= What the task asks =
Pictures should be omitted; restate word for word the lines from the one holding "Toy Puffer aus Lammleder 23cm" through the last line of the entries below.
◆ ◆ ◆
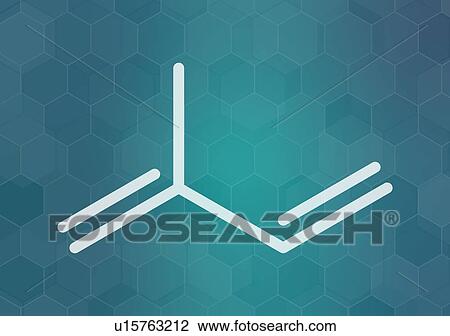 Isoprene rubber building block molecule, illustration View Large Photo Image Stock Image - Isoprene rubber building block molecule, illustration. Fotosearch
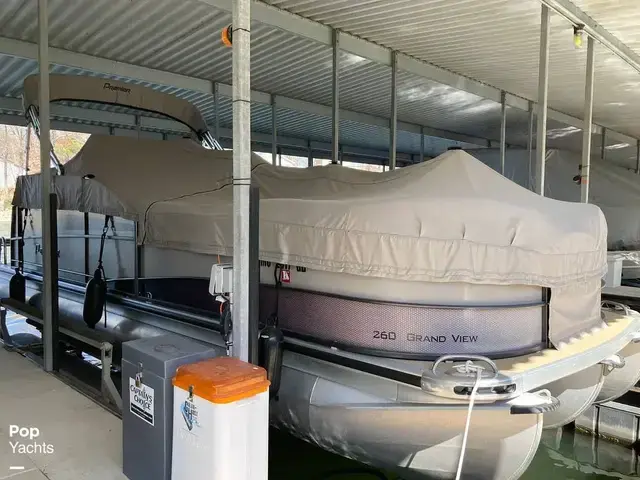 Premier Pontoons 260 PTX 36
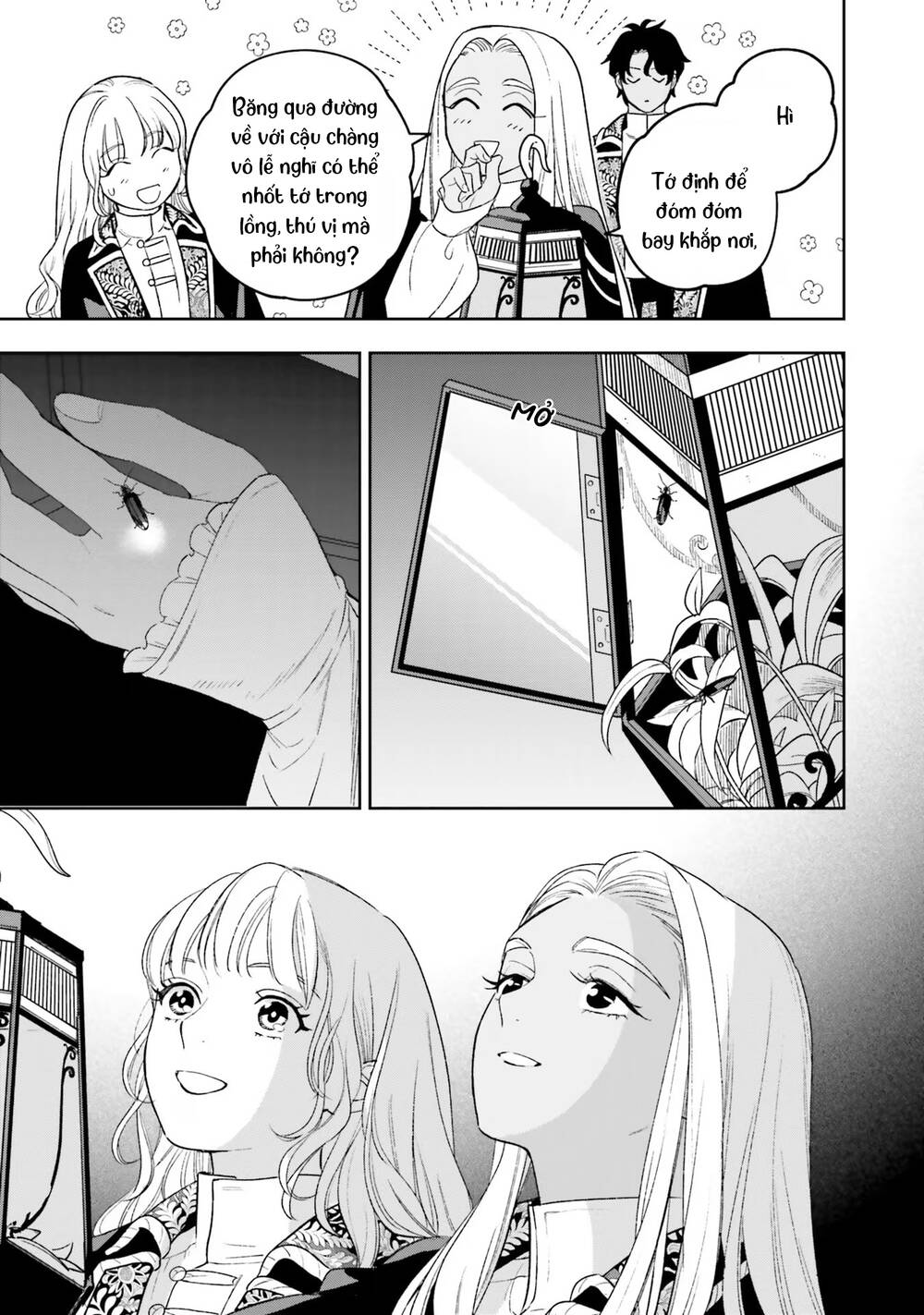 Shi Ni Modori No Mahou Gakkou Seikatsu Wo, Moto Koibito To Prologue Kara Chương 7.2 Ảnh 16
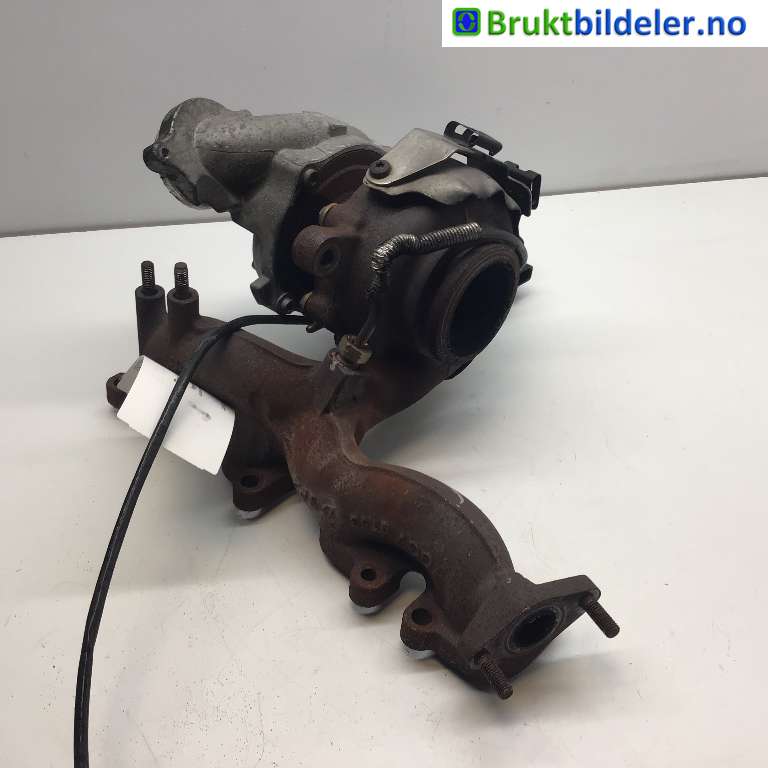 Turbo til VW Tiguan 2007-2011 (Type I, Fase 1)  (VOLKSWAGEN|03L 253 016 F|BV43B-0139|)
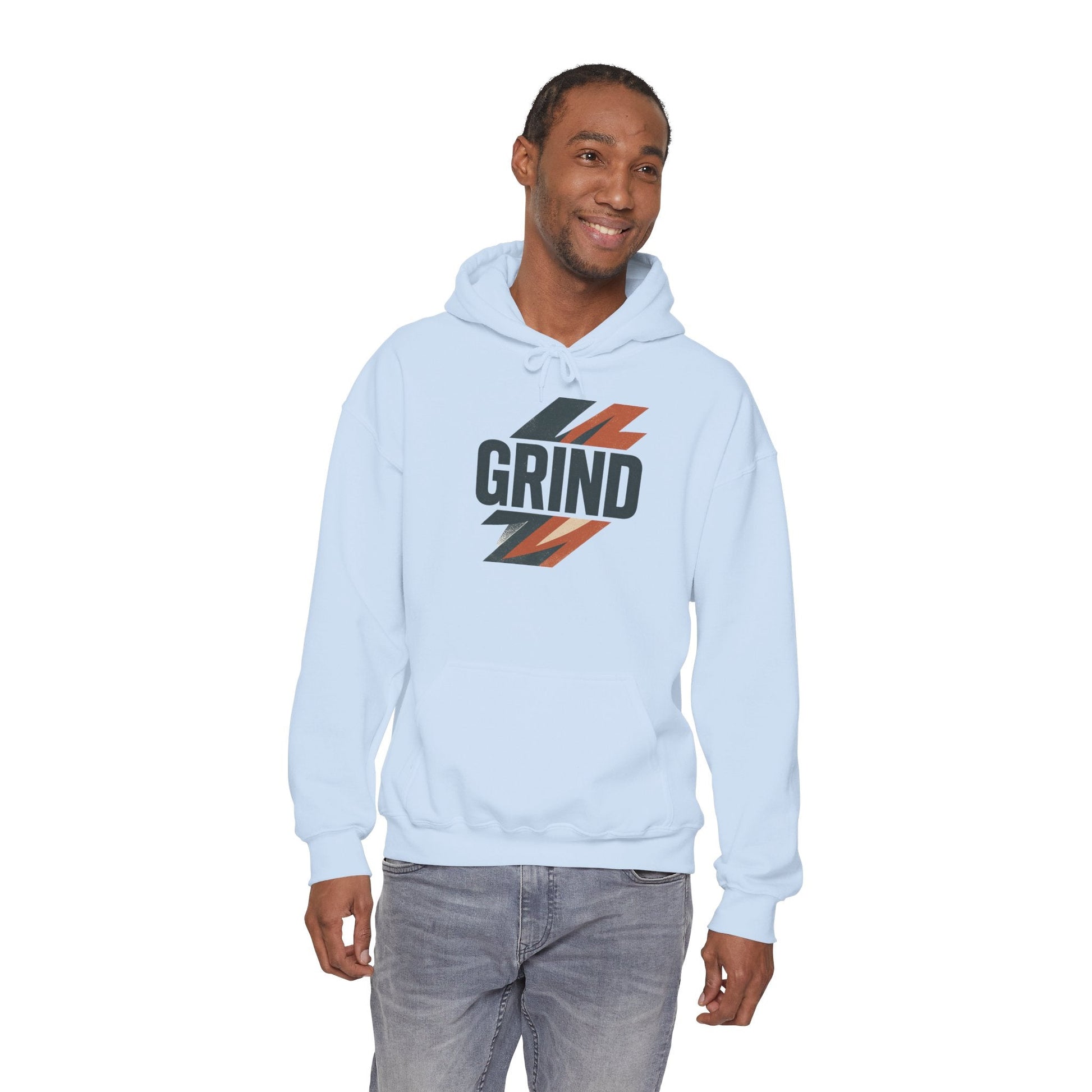 Grind Workout Hoodie — 'Grind' Fitness Gym Sweatshirt - Peak Inspiration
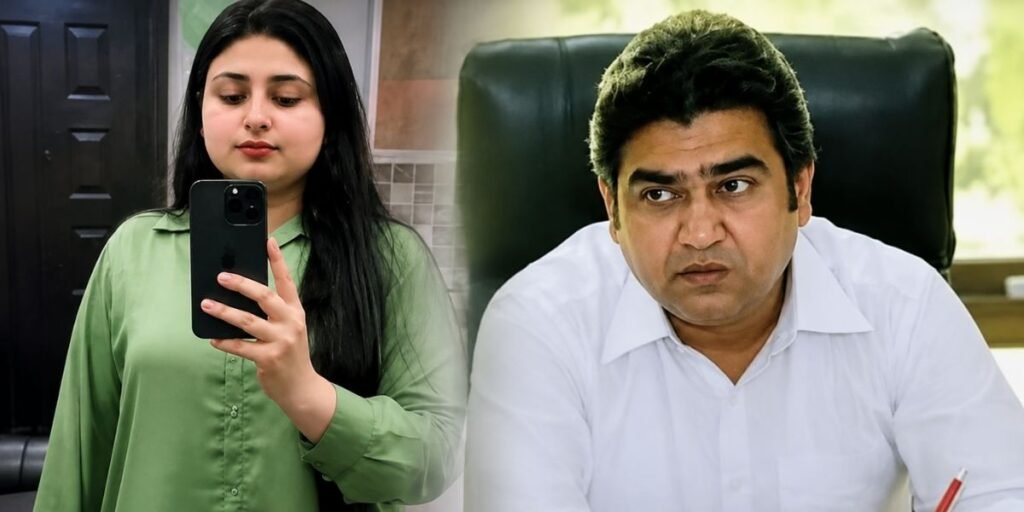 Sumbal Malik– PML-N MPA Mian Naveed alleged call recording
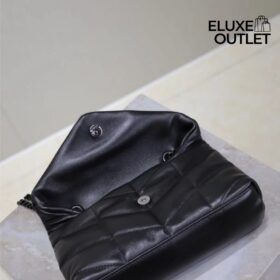 Toy Puffer aus Lammleder 23cm
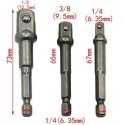 OEM Socket Adapter Set - Reductions 1/4" 3/8" 1/2" - 3 pcs set OEM Socket Adapter Set - Reductions 1/4" 3/8" 1/2" - 3 pcs set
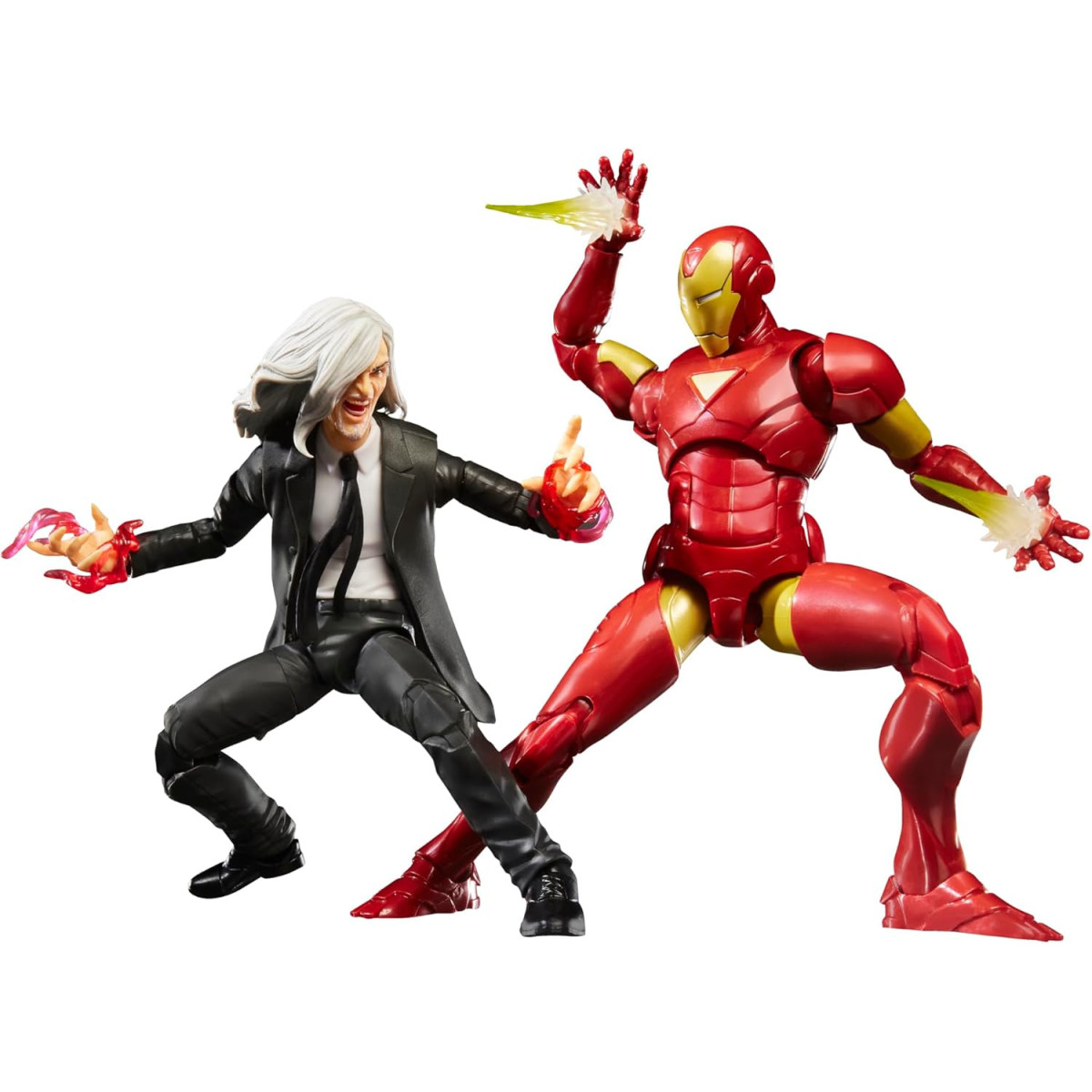 Marvel Legends - Iron Man (Extremis) y Mandarín
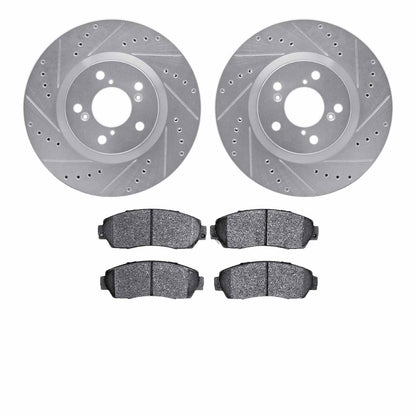 Dynamic Friction Company Disc Brake Kit 7302-59086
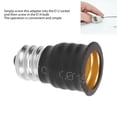 thumbnail image 3 of Light Bulb Adapter, 6Pcs E12 To E14 Adapter Bulb Adapter Converter For Garages Bedrooms Living Rooms Kitchens Corridors, 3 of 8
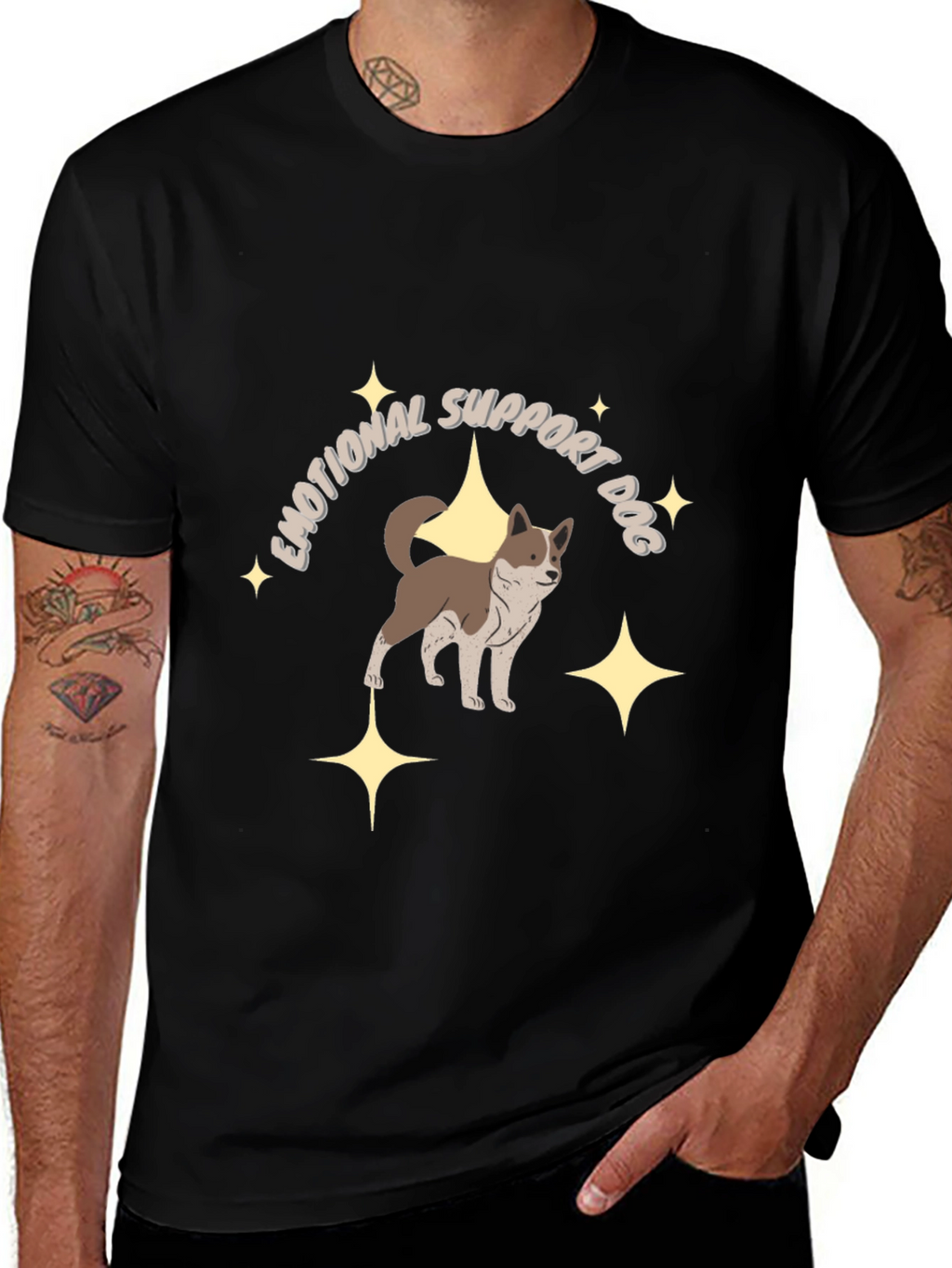 Emotional Support Dog T-Shirt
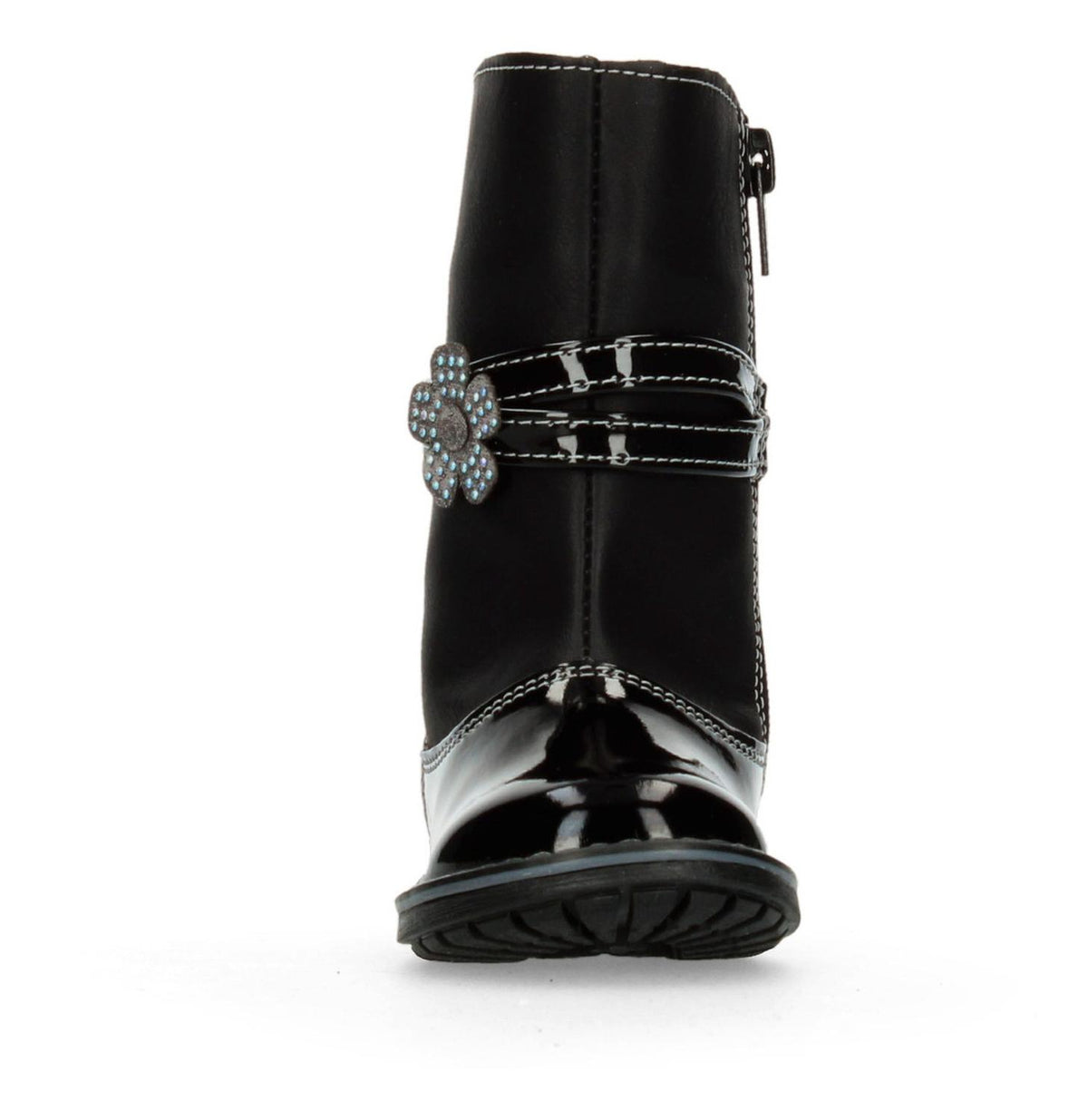 Bota Andanenes Para Niña 1688s77 Negro [adn13], foto 6 de 9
◆ ◆ ◆
= Response for this exercise =
 Toy Puffer aus Lammleder 23cm
 OEM Socket Adapter Set - Reductions 1/4" 3/8" 1/2" - 3 pcs set OEM Socket Adapter Set - Reductions 1/4" 3/8" 1/2" - 3 pcs set
 Marvel Legends - Iron Man (Extremis) y Mandarín
 Dynamic Friction Company Disc Brake Kit 7302-59086
 thumbnail image 3 of Light Bulb Adapter, 6Pcs E12 To E14 Adapter Bulb Adapter Converter For Garages Bedrooms Living Rooms Kitchens Corridors, 3 of 8
 Emotional Support Dog T-Shirt
 Bota Andanenes Para Niña 1688s77 Negro [adn13], foto 6 de 9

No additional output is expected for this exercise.